Much as is the case today, xenophobic attitudes were rampant among some native-born U.S. residents (Lee, 2019). There were too many immigrants, they complained. Too many foreign languages were spoken in the streets. “No one” was speaking English.

So, in 1924, the U.S. Congress passed a set of restrictive immigration laws that essentially halted the Southern and Eastern European immigration wave. Strict quotas were placed on almost all countries except those located in northwest Europe, from which the “most desirable” immigrants would originate. So, English, Scottish, Irish, Dutch, and Belgian people remained free to immigrate – but because the waves of immigrants from those countries had long since passed, not many new people came overall. Congress surely knew this would be the result when they passed those new immigration laws. Essentially, there would be low levels of immigration going forward, and indeed, there was little immigration to the United States until quotas were eliminated in 1965.

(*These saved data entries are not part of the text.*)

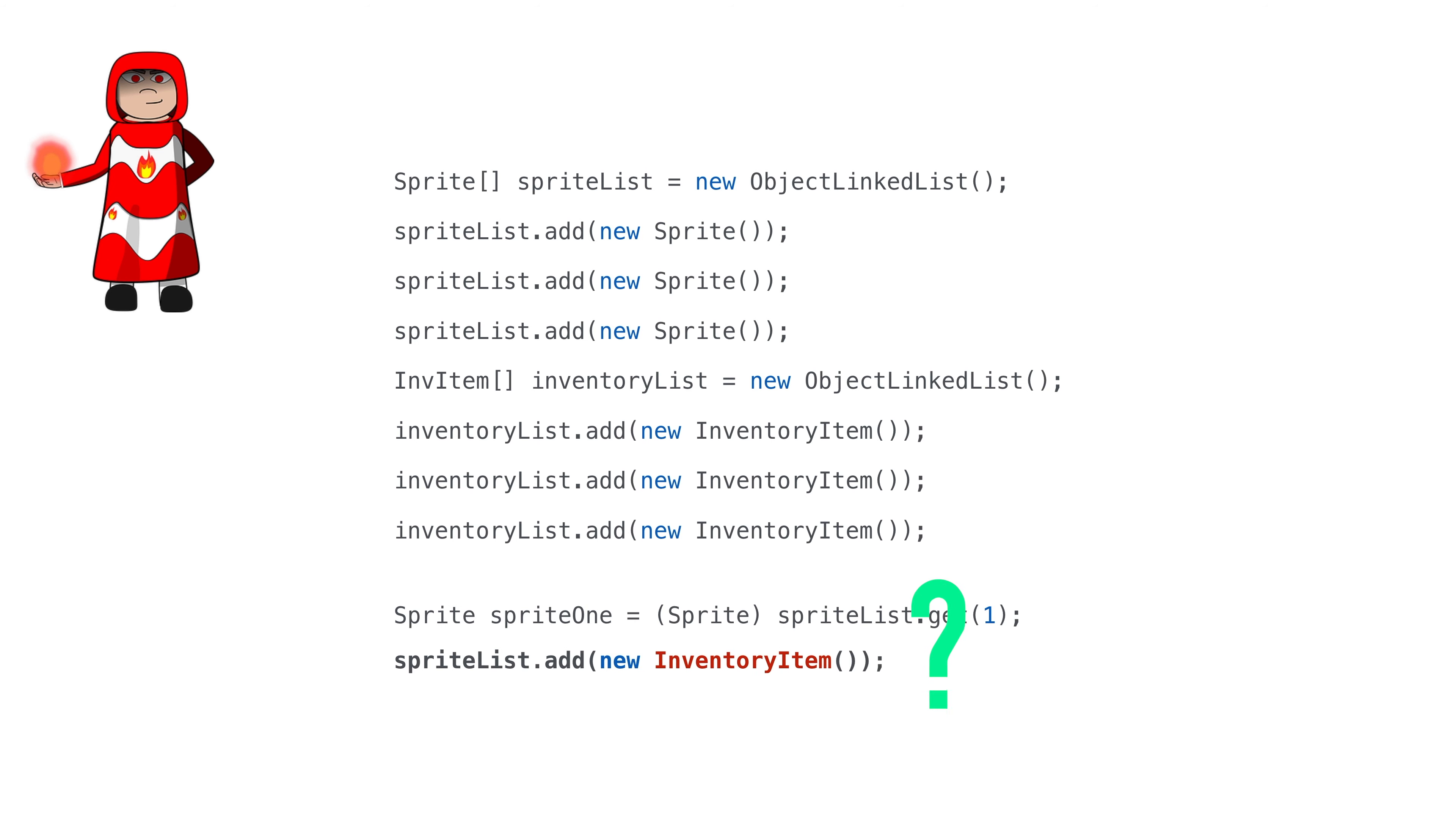What happens if we accidentally add an inventory object to our sprite list? Code goes boom and we won't know it until we run the program. And we won't know where the incorrect add happens. We'll add the object successfully and then we'll crash way later when we try to use the wrong object.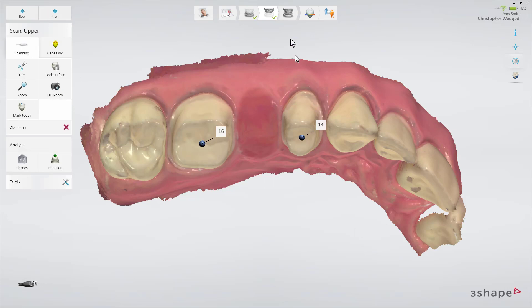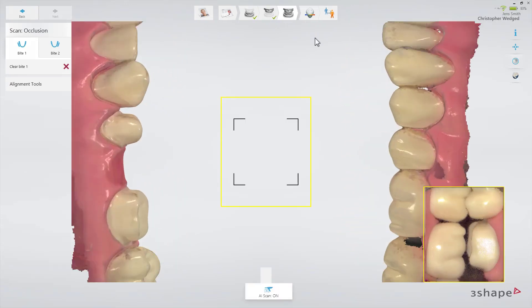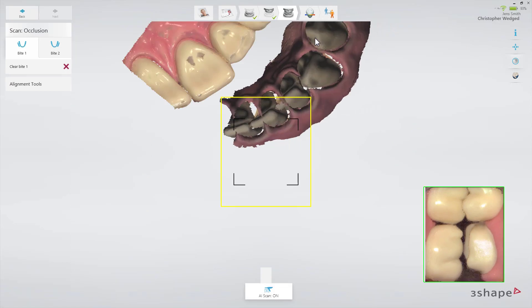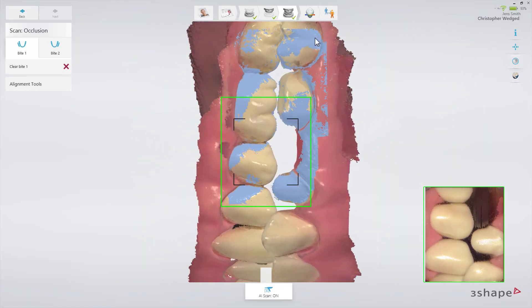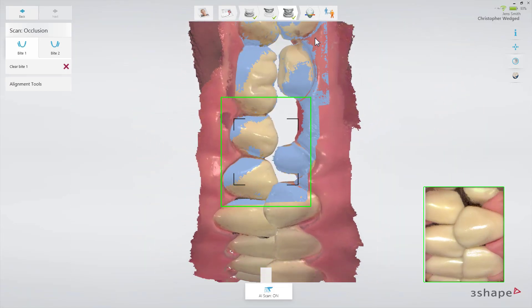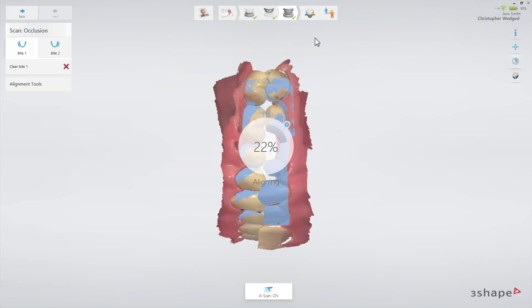Now move to the bite scan page. Insert the scan tip to the second molar on the buccal side. Ask the patient to bite. Scan three or four teeth until the upper and lower arches snap to the bite scan. The light blue surface indicates the surface covered by the bite scan.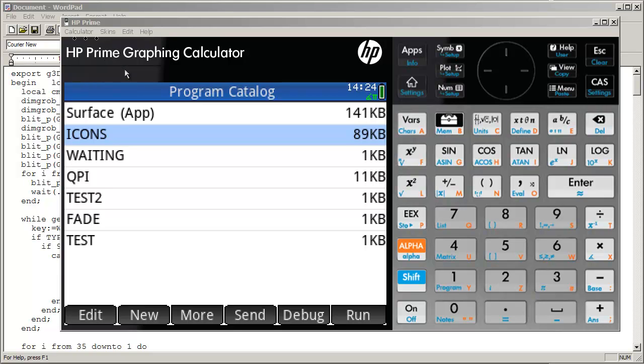Welcome to another video on the HP Prime. Today I'd like to demonstrate some techniques on creating graphical interfaces. We're going to use a couple of icons.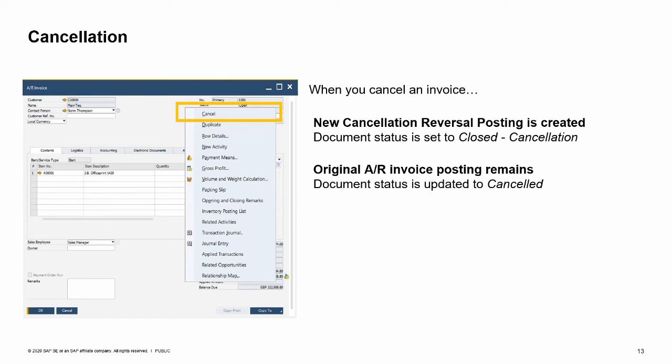Base documents, such as a delivery, are reopened after cancellation and can be used as a base document again. Reporting is available for cancelled documents, since the original posting remains in the system along with the cancellation. You have the flexibility to set a maximum number of days for allowing cancellation after documents are posted, and relevant authorizations support this process.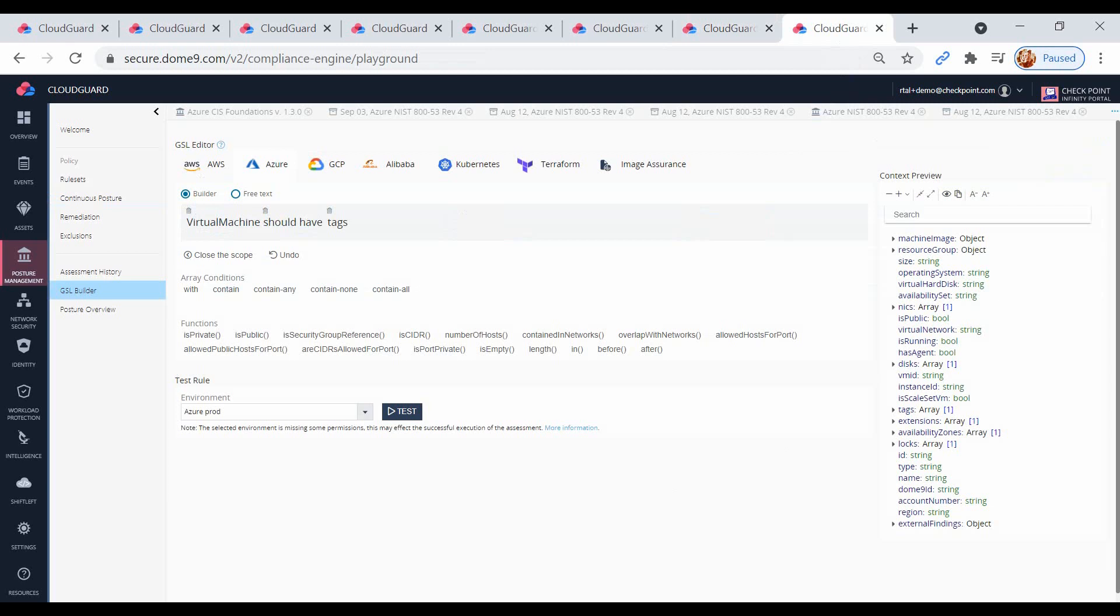To learn more about CloudGuard posture management, please visit checkpoint.com. Thank you.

The net result of this 40-year pause in immigration to the United States was that two generations of young people grew up having very little contact with immigrants. At the end of World War II, the United States population was nearly 90 percent white (U.S. Census Bureau, 1961). Outside of areas in the rural South, and some northern cities where African Americans had migrated to escape the Southern Black Codes and Jim Crow laws, and outside of Mexican-American communities along the U.S.-Mexico border, and areas near Native American reservations, the average white American was unlikely to encounter many people who weren’t fellow white American.

The average white American was also increasingly unlikely to encounter immigrants. Baby Boomers, born between 1945 and 1964, were likely to spend their childhood and adolescence primarily around other U.S.-born whites. Even the Boomers’ parents were almost entirely U.S.-born. Their grandparents may have been immigrants, but after spending so much time in the United States, these grandparents likely communicated primarily in English. So the largest generation was largely insulated from contact with immigrants, and diversity – at least in the way we think of it now – was foreign to them during their formative years.

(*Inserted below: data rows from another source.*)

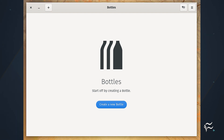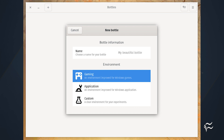Once installed, open the application and, after clicking through the welcome, you'll find yourself at the Create a New Bottle window. In the next window, select the type of environment you want Bottles to create. This will determine how Bottles optimizes the new bottle for the application. If you're installing a regular application, not a game, click Application.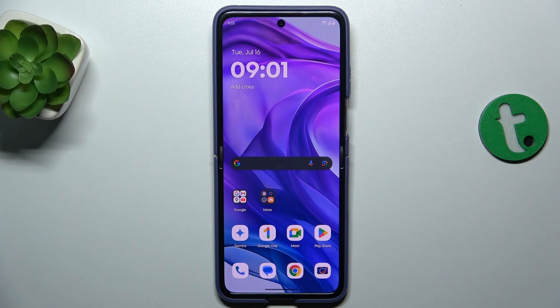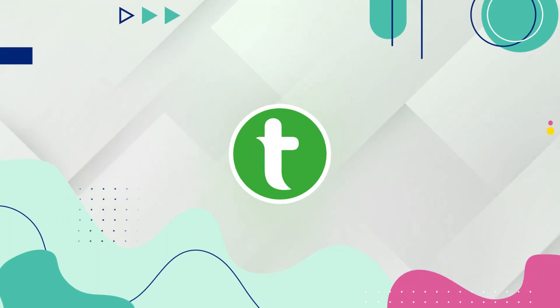Hello, in this video I'm going to show you how to enable or disable data roaming on Motorola RAZR 50 Ultra.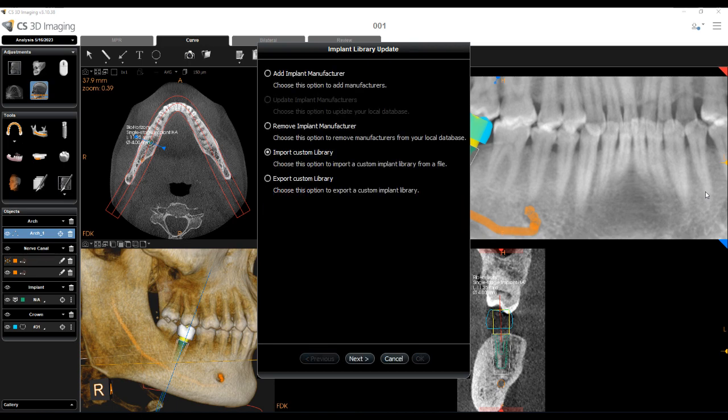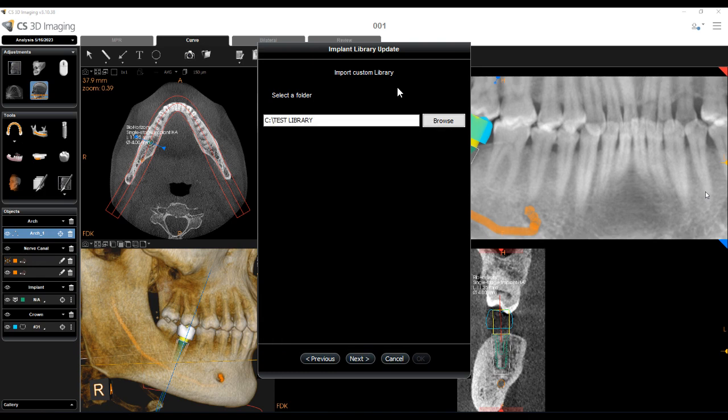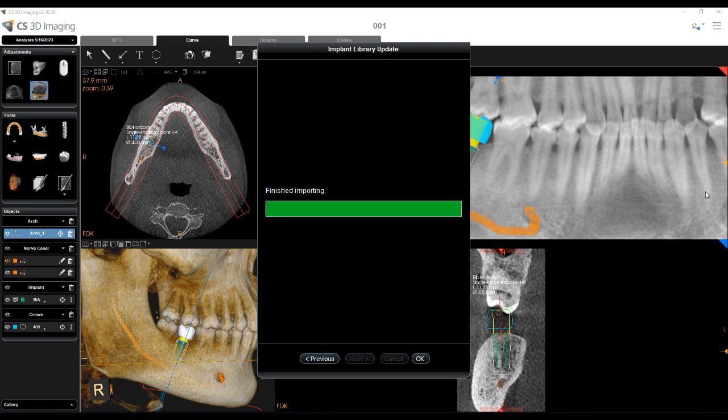To import a custom library, select Import Custom Library and click Next. Click Browse and select the folder with the custom library zip file to import. Click Next. The file is imported. Click OK to finish, or Previous to return to the Options menu.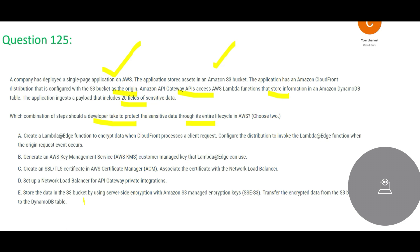One option suggests storing the data in an S3 bucket using server-side encryption with S3-managed keys, and then transferring the encrypted data from S3 to DynamoDB. But the sensitive data is not on S3 alone — this approach would store data in S3 encrypted, then transfer it to DynamoDB.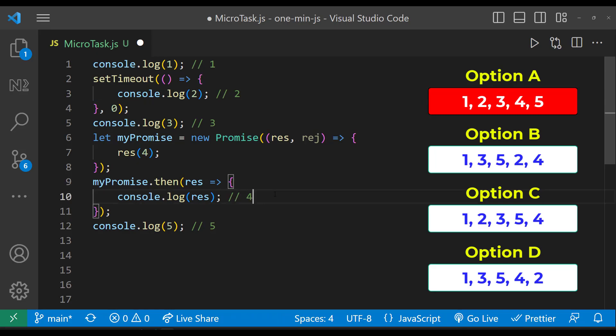But there is another concept called microtask. Promises are part of microtask, so promises will be moved to a special queue called microtask queue. Microtask is executed at the end of the current round of execution, whereas tasks in the event loop have to wait before the next round starts.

Although immigration quotas were lifted in 1965, the new wave of primarily Latin American, Asian, and Caribbean immigration did not really get going until the late 1970s and early 1980s (Congressional Research Service, 2011). This meant that Baby Boomers, especially those born in the late 1940s and early 1950s, didn’t begin encountering lots of immigrants until they were in their 30s. Outside of places like New York, Los Angeles, Chicago, Houston, and Miami, the diversity ushered in by the new immigration didn’t start to change the demographics of most areas in the United States until the late 1990s.

By this time, many Baby Boomers were well into middle age. Baby Boomers living in North Carolina, for example, would have been unlikely to encounter large numbers of immigrants until they were in their 50s. People’s attitudes toward immigration are generally formed based their exposure to immigrants in childhood and adolescence (Eger et al., 2022) – so when the diversity explosion began in earnest at the dawn of the 21st century, Baby Boomers were likely unfamiliar (and perhaps uncomfortable) with it.

The 2007 movie Gran Torino, starring Clint Eastwood, provides a good example of what many people from the Baby Boom generation experienced following the turn of the 21st century. Eastwood’s character is a longtime resident of a community in Michigan where Hmong immigrants have been settling and where the white population has largely moved out.

His doctor is Asian American, as are many of his neighbors and the people who work at local stores. The character shows discomfort with the rapidly changing population around him and has an inability to relate. It is likely that many other Baby Boomers have felt this way. This is not the world in which they grew up, and many of them are not sure how to react to it.

All of these reasons may help explain many Baby Boomers’ reactions to large-scale immigration and the changes it has created in the U.S. population. Rather than label them as xenophobic and racist, perhaps we should try to find ways to help them become more comfortable with the world in which they now live. Their wisdo is precious, and we should try to help them become comfortable enough to share it.